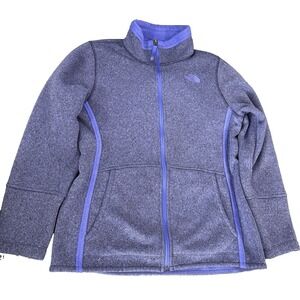 The North Face Jacket Girls XL Knit Sweater Fleece Zip Purple Youth Childrens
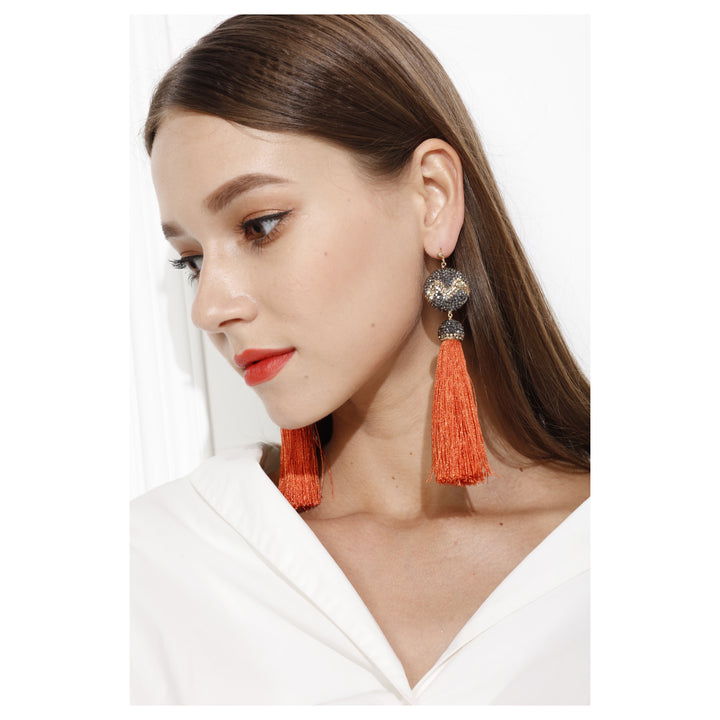 Flat Round Rhinestone With Red Tassel Earrings ME033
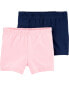Baby 2-Pack Pink/Navy Bike Shorts 3M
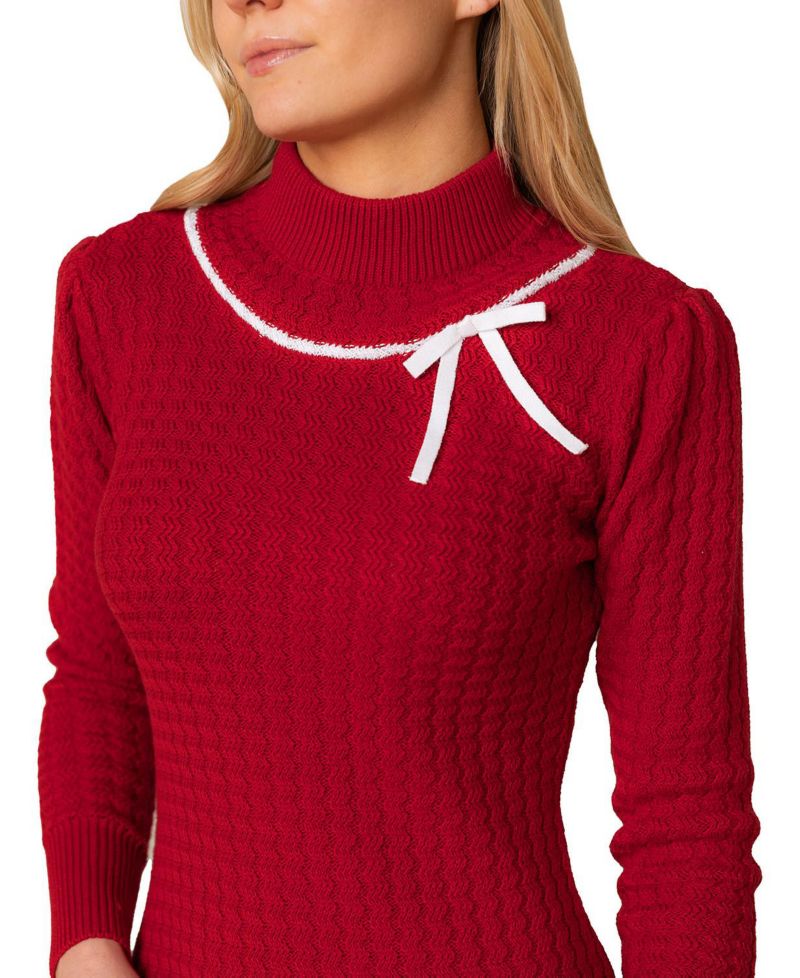 Women's Hope and Henry Organic Mock Neck Cable Sweater Dress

* [Exercise objective] Every line of the material must be reproduced verbatim; the pictures are to be omitted.

* [Problem solution]
 The North Face Jacket Girls XL Knit Sweater Fleece Zip Purple Youth Childrens
 Flat Round Rhinestone With Red Tassel Earrings ME033
Baby 2-Pack Pink/Navy Bike Shorts 3M
 Women's Hope and Henry Organic Mock Neck Cable Sweater Dress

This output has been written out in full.